→ About this exercise
Your task is to restate word for word the lines in the material below, from the one with "A_z dot a_rho" up to and including the one with "Orbeon Protocol (ORBN): Orbeon". Do not carry over the pictures.

→ Material provided
╔══

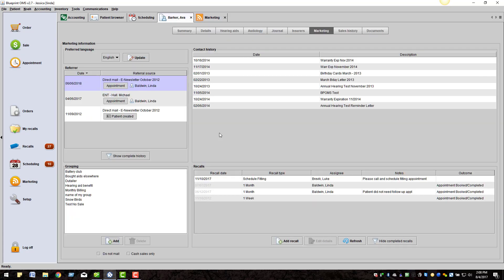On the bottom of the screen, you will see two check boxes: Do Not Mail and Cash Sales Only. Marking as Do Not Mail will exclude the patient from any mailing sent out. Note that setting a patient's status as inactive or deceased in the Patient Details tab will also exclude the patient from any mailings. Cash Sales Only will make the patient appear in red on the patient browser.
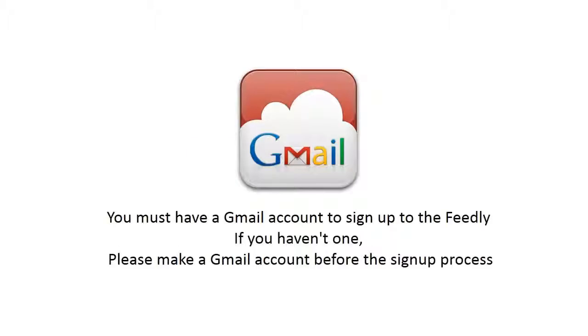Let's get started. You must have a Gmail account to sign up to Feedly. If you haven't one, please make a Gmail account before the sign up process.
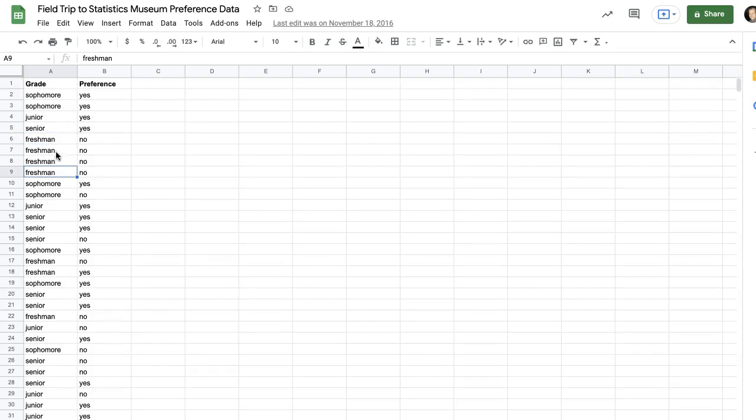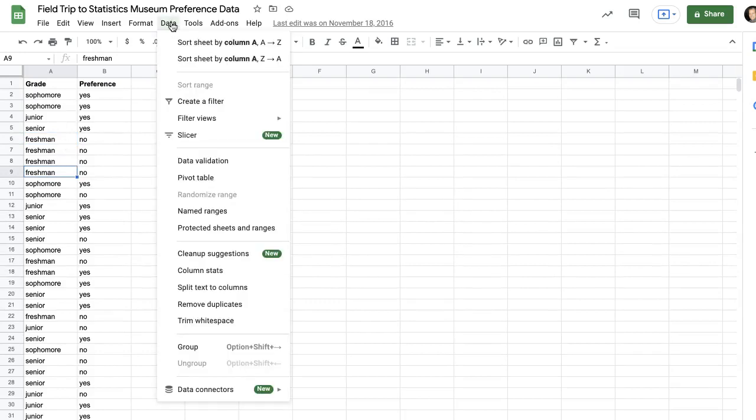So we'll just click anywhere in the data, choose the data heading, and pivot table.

╚══
╔══

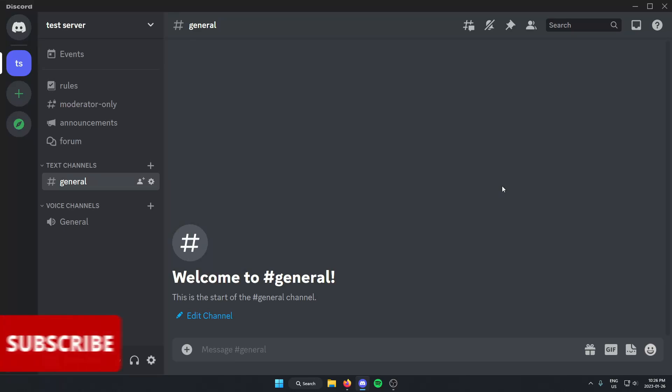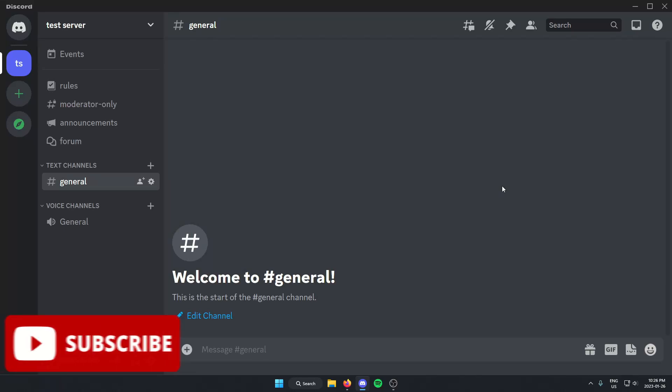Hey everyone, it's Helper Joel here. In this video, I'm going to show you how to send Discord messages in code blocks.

╚══
╔══

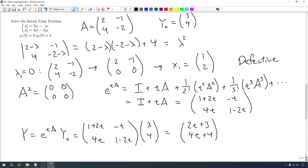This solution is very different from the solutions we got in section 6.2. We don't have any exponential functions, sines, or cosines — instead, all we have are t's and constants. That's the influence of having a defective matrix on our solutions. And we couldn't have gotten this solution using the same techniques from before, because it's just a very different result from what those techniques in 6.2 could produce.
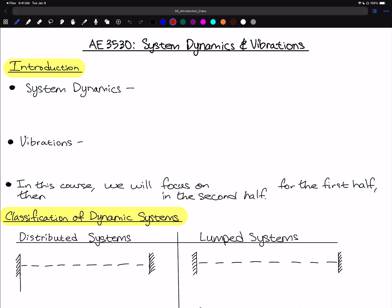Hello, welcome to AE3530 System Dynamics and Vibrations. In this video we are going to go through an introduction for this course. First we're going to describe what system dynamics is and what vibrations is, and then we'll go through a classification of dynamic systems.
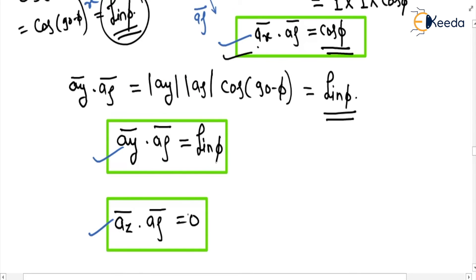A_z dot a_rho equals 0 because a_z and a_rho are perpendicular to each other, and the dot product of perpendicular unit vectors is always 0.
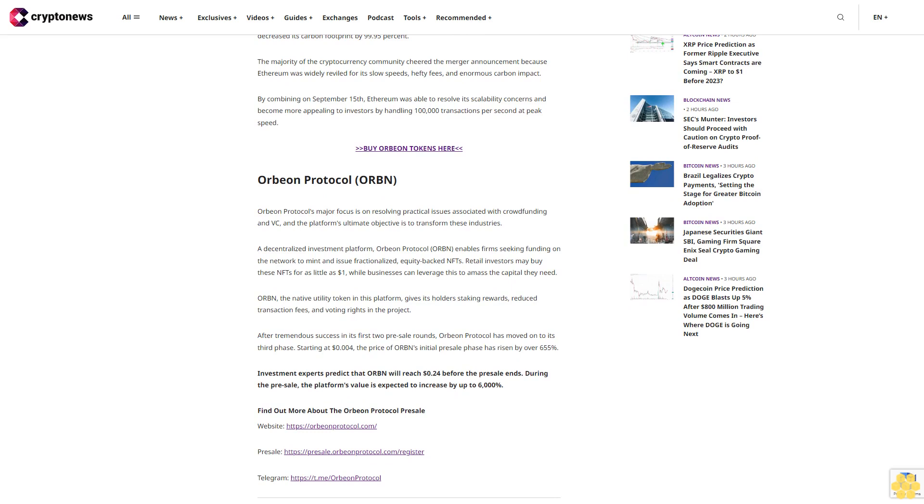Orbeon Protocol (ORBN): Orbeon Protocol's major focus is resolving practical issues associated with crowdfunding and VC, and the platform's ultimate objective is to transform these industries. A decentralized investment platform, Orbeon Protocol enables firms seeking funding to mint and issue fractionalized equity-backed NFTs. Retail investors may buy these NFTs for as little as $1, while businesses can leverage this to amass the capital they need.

╚══

→ Written answer
A_z dot a_rho equals 0 because a_z and a_rho are perpendicular to each other, and the dot product of perpendicular unit vectors is always 0.
Orbeon Protocol (ORBN): Orbeon Protocol's major focus is resolving practical issues associated with crowdfunding and VC, and the platform's ultimate objective is to transform these industries. A decentralized investment platform, Orbeon Protocol enables firms seeking funding to mint and issue fractionalized equity-backed NFTs. Retail investors may buy these NFTs for as little as $1, while businesses can leverage this to amass the capital they need.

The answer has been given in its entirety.